■ SUPPLIED INFORMATION

◆ ◆ ◆

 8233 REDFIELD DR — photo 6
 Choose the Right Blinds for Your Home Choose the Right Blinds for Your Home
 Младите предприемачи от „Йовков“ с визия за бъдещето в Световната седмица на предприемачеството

◆ ◆ ◆

■ ASSIGNMENT
Restate all the material above, keeping each word as it is.

■ SOLUTION BELOW
 8233 REDFIELD DR — photo 6
 Choose the Right Blinds for Your Home Choose the Right Blinds for Your Home
 Младите предприемачи от „Йовков“ с визия за бъдещето в Световната седмица на предприемачеството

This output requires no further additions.